Summary: "Learn more, earn more."

Thanks for posting!

Also, I think that it's fair to say that most bona fide teaching studios these days can take you wherever you want to go. For the person teaching out of his/her basement (like me), there is often a little less versatility.


----------



## greco (Jul 15, 2007)

bw66 said:


> Summary: "Learn more, earn more."
> 
> For the person teaching out of his/her basement (like me), there is often a little less versatility.


"Learn More, earn more" is a new phrase to me. Concise and powerful!

I'm not trying to be argumentative (or offensive), but what do you mean by _"...there is often a little less versatility"_. Why is that?


----------



## bw66 (Dec 17, 2009)

greco said:


> "Learn More, earn more" is a new phrase to me. Concise and powerful!
> 
> I'm not trying to be argumentative (or offensive), but what do you mean by _"...there is often a little less versatility"_. Why is that?


A lot of "independent" guitar teachers are the first type mentioned in the video - they have learned by ear with some input from other players and have become great players, but often they can't read a chart or explain what they are doing, and they are sometimes fluent in maybe only two or three styles of playing. And there is nothing wrong with that, if that is what the student wants to learn. But if you want to be a busy musician, you may want to look for a teacher with a broader range of knowledge and experience - the third type mentioned in the video.


----------



## greco (Jul 15, 2007)

@bw66 Thanks for explaining.


----------



## Budda (May 29, 2007)

As a type one teacher, I agree. 

When I was teaching for a store, I referred one of my students to another teacher (uni degree in classical afaik) because she wanted to learn fingerstyle.


----------



## Dorian2 (Jun 9, 2015)

@Budda , that says a lot about your character and professionalism. Good on you.

Great video @Lola. He IS making a fairly broad generalization of the whole concept here, but it's totally understandable. I'm in the 3rd category. Through all the theory and knowledge I do happen to have, in the end I play with my gut instinct and feel for the tune. I also at times struggle to stop over analyzing things that I hear and play. It's a massive hindrance for my own creativity at certain points of time. Vice versa for learning something by ear. Considering keys/key changes/modulation, time signature, and more advanced techniques and rhythmic patterns can plainly become a pain in the ass if there is no theoretical understanding going on when learning a song by ear. And both approaches support one another for myself in unity I find. Certain "sounds" that we hear (say a certain mode like Phrygian) in a song lends itself to having a different "feel" to it. That's where the ear training/listening skills and learning by ear come in for me.

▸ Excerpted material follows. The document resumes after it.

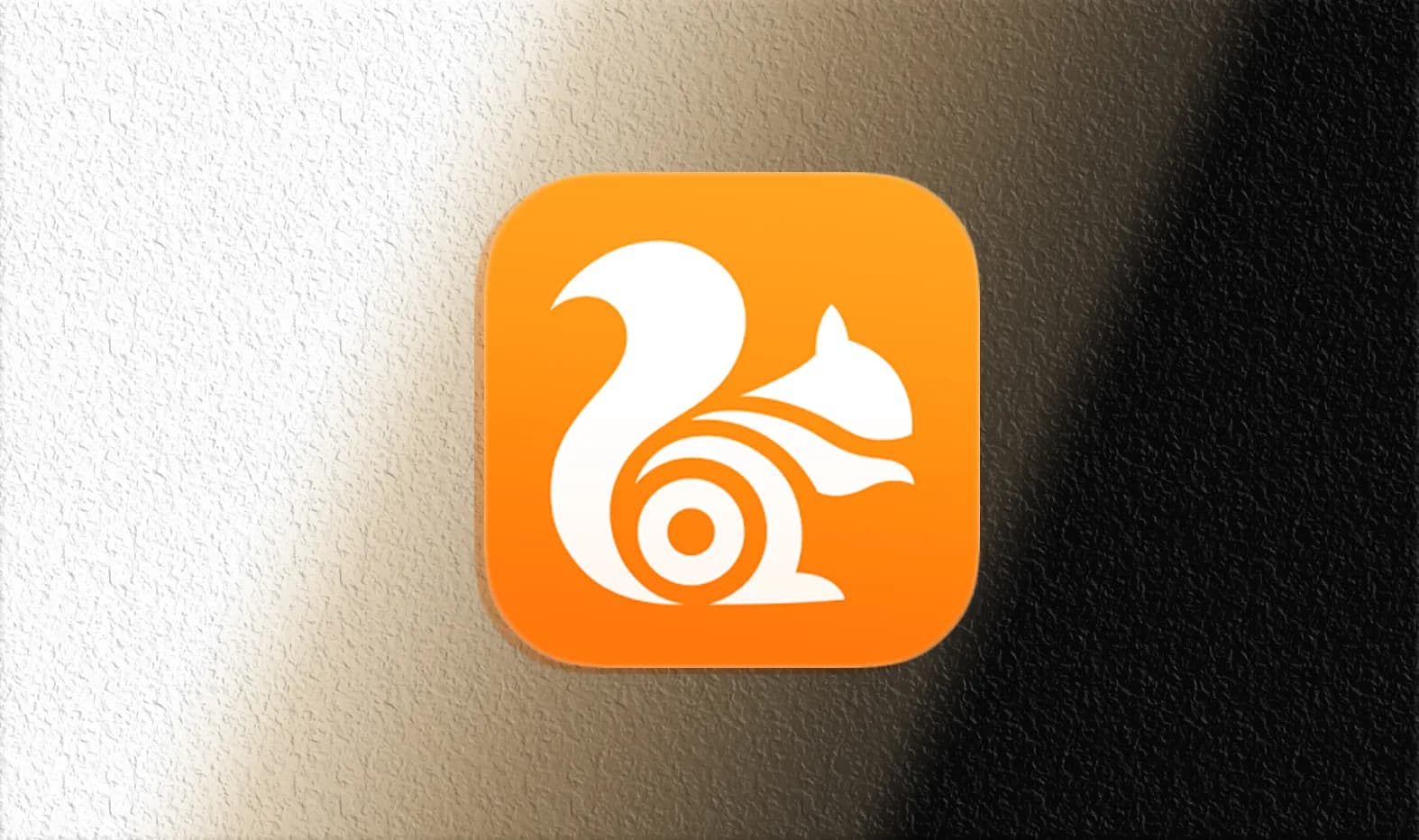 Dlaczego UC Browser jest jedną z najpopularniejszych przeglądarek mobilnych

Just a personal reflection of how I play and approach things guys. It's handy to know yourself as a player. Probably the most important lesson there is actually.


----------



## dgreen (Sep 3, 2016)

Some great insight in the video.
Being confident as a player is the (second) best tool you can use when applying your theory onto the fretboard (imo)
best tool... your ears.
Theory enhances your tonal options on the guitar, or any other instrument you may play


----------



## mawmow (Nov 14, 2017)

Ah ! Very interesting to hear a teacher address this subject. I do not qualify as a music teacher even though I like to share what I know about it. I still am and probably be forever a student...
As most beginners, I guess, I began playing simple chords on simple songs and expanded my repertoire with more complex chords.
When I turned to fingerstyle, I soon understood I had to know at least a bit about musical theory (reading staff, using scales, modes, CAGED system and so on) if I wished to customize my personal tabs. I am still working at it on my now permanent leisure times...


----------